When a loved one dies, it not only marks the start of the grieving process but also the practical task of organising the funeral.
The World Hospice and Palliative Care Day, which was commemorated in October, was a timely reminder that we need to keep the conversation going on death and dying for people faced with life-limiting illnesses.
In 2015, Singapore was ranked 12th globally and second in Asia, behind Taiwan, in the global quality of death index, commissioned by the Lien Foundation. Eighty countries were ranked according to the availability, affordability and quality of end-of-life care. But a survey taken on attitudes towards death, commissioned by the Foundation in 2014, showed that 71 per cent of respondents felt the need for national conversations on dying.
The stress of facing a death is compounded by not knowing what to do, especially if the passing was sudden and the deceased’s last wishes were not discussed with family members.
Housewife Madam Tan recalls the turmoil that ensued in her household late last year when her father-in-law passed away unexpectedly after suffering a stroke late at night.
Says 52-year-old Madam Tan: “When my father-in-law passed on suddenly from a stroke, we were all stunned at first, but had to steel ourselves in order to make the necessary arrangements.”
Her father-in-law had not made any end-of-life arrangements before his death, and neither did it occur to the family to do so, says Madam Tan. The most confusing part, she shares, was figuring out which authorities needed to be informed and completing the multiple forms from the mortuary.
“First, we contacted his siblings to break the news to them. The hardest part was telling my mother-in-law the next morning. Then, we contacted the funeral service providers and compared the different types of packages to choose one that suited the family,” she says.
Being emotionally prepared
If a person has a terminal illness, family members have to observe if he or she has come to terms with it. If so, this would be a good time to talk about end-of-life plans.
Psychologist Daniel Koh says: “Although families may be anxious about it, it is best to not transfer your own emotions to the person. Instead of having one long discussion, hold a series of conversations. It does not need to be depressing but filled with lightness, grace and care. Listen for cues that they are ready to talk and wait for them to lead, which gives them a sense of control.
“The setting has to be appropriate, filled with comfort, respect, grace, empathy, support, reassurance, love, care and privacy. Build bonding filled with trust, security and safety. Look out for emotional distress and resolve issues. Note that some may be going through the grieving process.”

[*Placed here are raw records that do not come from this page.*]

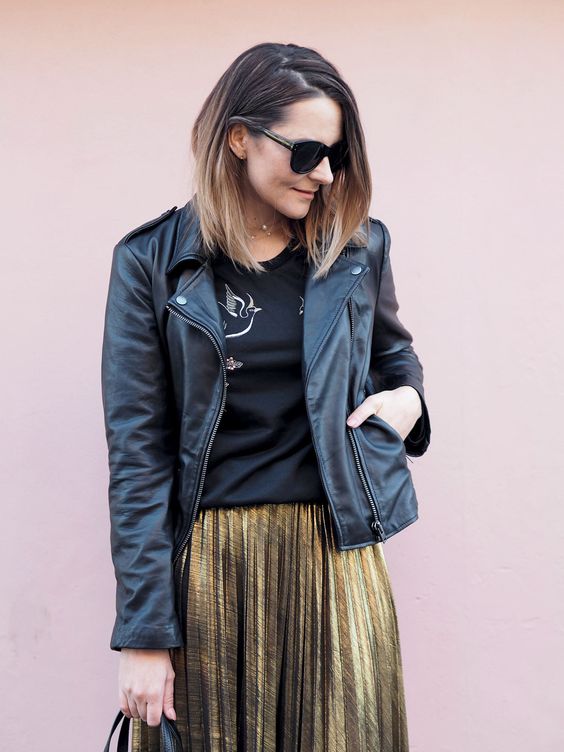 Biker and gold pleated skirt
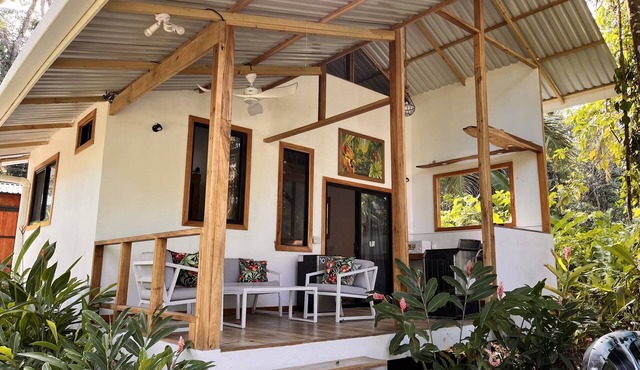 Villa Green Macaw Comfortable Beach Front Villa, sea breezes, Tropical gardens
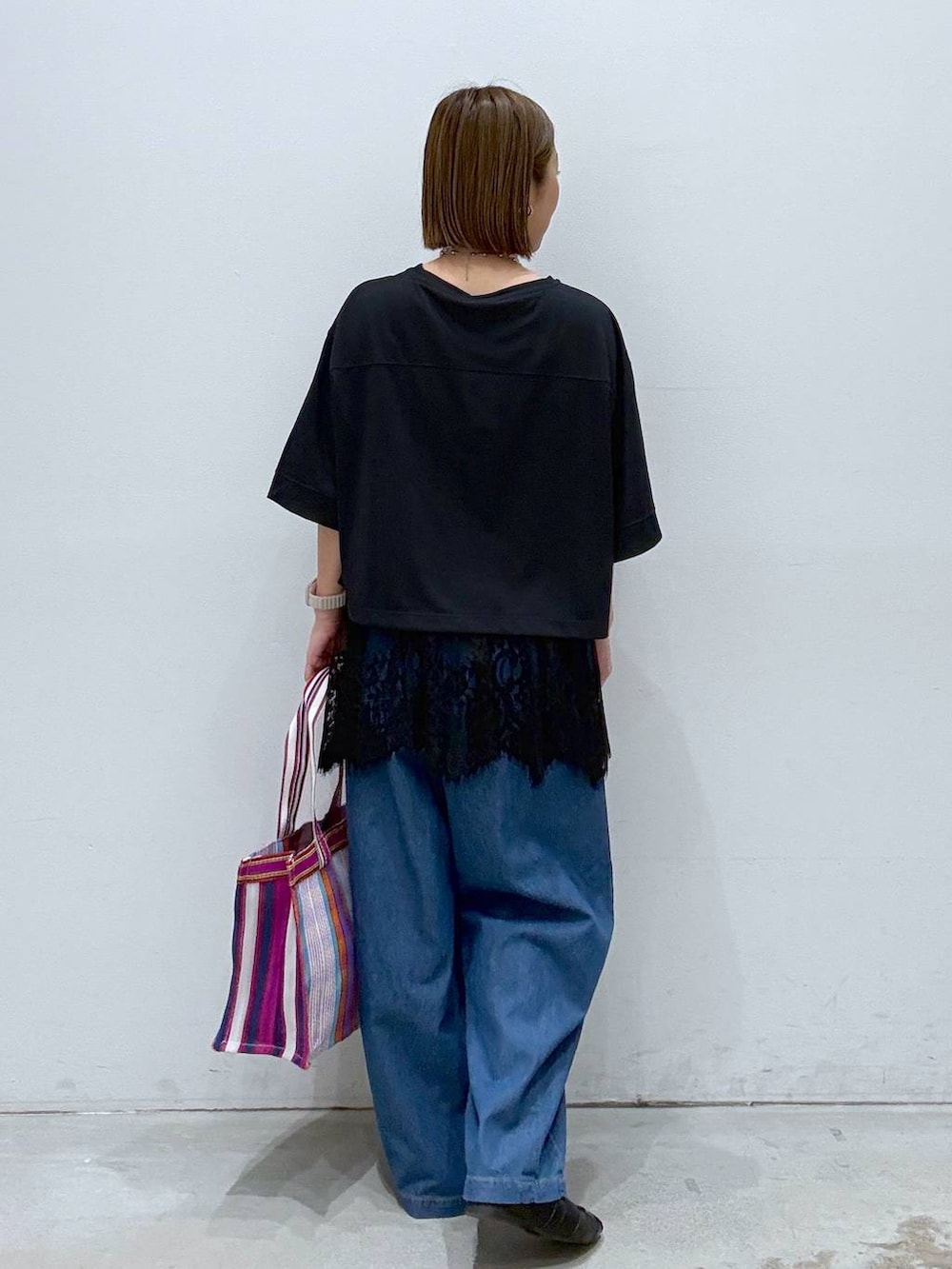 ブラック系のTシャツ/カットソー、ブラック系のパンプス、ブルー系のデニムパンツを着用したレディースの春コーディネートの4枚目の写真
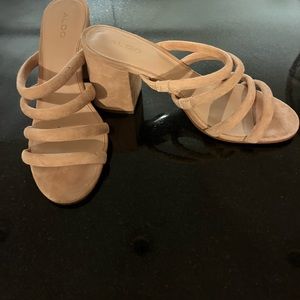 Tan Aldo suede sandals.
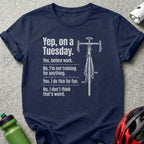 Navy t-shirt with a bicycle and humorous text about riding.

This can be a difficult process, as Irene (not her real name) discovered when she was caring for her 73-year-old mother who had terminal colon cancer. She says the toughest part was ensuring her mother’s psychological well-being.
The 37-year-old homemaker adds: “End-of-life planning is complex with older folk, as doing it prematurely can be interpreted negatively. The complicated part was talking her through some of her pre-conceived notions about sickness and death.
“My mother believed that terminal diseases such as cancer were divine punishment for those who were evil at heart. She was very indignant about her condition as she felt she did not deserve to suffer the disease. As her condition worsened and we had to broach the topic of planning for the end, she was resigned but remained indignant, loathing the thought of death.”